東北新幹線の八戸-新青森間開業は既存の路線の延伸という形で、新青森は路線の終点です。しかも新規開業区間はすべて青森県内です。したがって、新幹線の開業によりもたらされるであろう観光旅行の変化は、ほとんど青森市を中心とした青森県内が中心と考えられます。
昨年度、私は東北新幹線新青森開業に関連したある受託調査の中で、旅行業者数社のパッケージ旅行企画担当者に、新幹線新青森開業後の青森方面への商品設定計画や商品を企画する上での問題点などについて、ヒアリング調査を行いました。なかなか興味深い意見や鋭い指摘が聞かれたので、首都圏発のパッケージ旅行に関する意見が中心ですが、いくつかご紹介しましょう。
- 青森県の観光地だけを訪れるツアーは少なく、岩手県や秋田県の観光地と組み合わせた2泊3日のコースが大半である。(そうしないと参加者が集まらない)
- 人気がある旅行先は十和田湖、奥入瀬、弘前などで、津軽半島と下北半島の2大半島、それに秋田県の男鹿半島を加えた3大半島を回るコースなども人気がある。
- 観光地の宿泊収容力の関係で、青森県での宿泊地は十和田湖、鰺ヶ沢など特定の観光地に集中する。
- 青森方面へのツアーは、バスで往復するには遠すぎ、飛行機は便数が少なく運賃の割引率も低いので、往復東北新幹線を利用するのが一般的である。
- 2002年12月に東北新幹線盛岡-八戸間が開業した時は、八戸からの二次交通も整備され、十和田湖などに行きやすくなるなど、北東北へのツアーを効率的に設定できるようになった。
- 新幹線が新青森まで伸びると、津軽半島や下北半島へのアクセスが良くなり、需要が増えそうだ。青森から日本海沿いに南下するコースも人気が出そう。また、新青森から函館に抜ける流れも出てくるだろう。

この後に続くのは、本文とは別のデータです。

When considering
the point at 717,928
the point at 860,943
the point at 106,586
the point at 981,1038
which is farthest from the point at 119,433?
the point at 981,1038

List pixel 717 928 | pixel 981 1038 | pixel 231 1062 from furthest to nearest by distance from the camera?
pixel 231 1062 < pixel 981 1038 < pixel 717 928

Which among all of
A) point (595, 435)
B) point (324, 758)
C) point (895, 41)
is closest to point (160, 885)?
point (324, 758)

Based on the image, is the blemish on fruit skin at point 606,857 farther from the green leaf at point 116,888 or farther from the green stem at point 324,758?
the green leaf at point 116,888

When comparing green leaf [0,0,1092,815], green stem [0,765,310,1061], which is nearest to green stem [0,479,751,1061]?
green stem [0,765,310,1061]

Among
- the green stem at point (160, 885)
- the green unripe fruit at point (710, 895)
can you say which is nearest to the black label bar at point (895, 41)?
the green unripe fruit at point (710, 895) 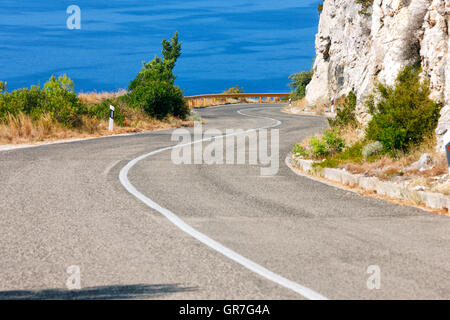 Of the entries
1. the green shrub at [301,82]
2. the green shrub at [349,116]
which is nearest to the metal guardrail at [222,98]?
the green shrub at [301,82]

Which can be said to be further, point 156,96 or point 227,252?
point 156,96

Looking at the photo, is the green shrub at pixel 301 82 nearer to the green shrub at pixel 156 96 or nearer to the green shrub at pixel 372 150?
the green shrub at pixel 156 96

- ツアーで人気のある青森県の観光魅力は春の桜、夏の祭り、秋の紅葉と限定され、その他の観光魅力が開発されていない。魅力ある新しいデスティネーションの発掘も難しい。
- 体験プログラム、イベント、食などの情報をもっと地元から発信してほしい。それも、ツアーの企画に間に合うように早めに発信してほしい。
いずれももっともな指摘です。東北新幹線八戸開業の時は、終点となった八戸を始め、十和田湖、弘前など八戸と二次交通で結ばれた観光地を訪れる観光客が大幅に増加しました。八戸では「屋台村」の整備、「せんべい汁」などそれまで全国的にはあまり知られていなかった郷土料理のPR、十和田湖では「十和田湖冬物語」の開催期間延長、弘前では「弘前城雪灯籠祭り」のPRなど、新たな観光魅力の発掘と冬の時期の開業に合わせた情報発信の効果があったのでしょう。

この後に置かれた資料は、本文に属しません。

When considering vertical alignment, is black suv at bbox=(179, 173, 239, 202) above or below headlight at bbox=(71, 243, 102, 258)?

東北新幹線新青森開業により、青森観光への関心はいっそう高まることが期待できます。個人的には、津軽半島が注目を浴びそうな気がします。さらに、来年春に最高時速300キロの「はやぶさ」の運転が開始されると、鉄道ファンでなくてもそれに乗ること自体が一つの観光魅力として、新幹線利用者が増えることが予想されます。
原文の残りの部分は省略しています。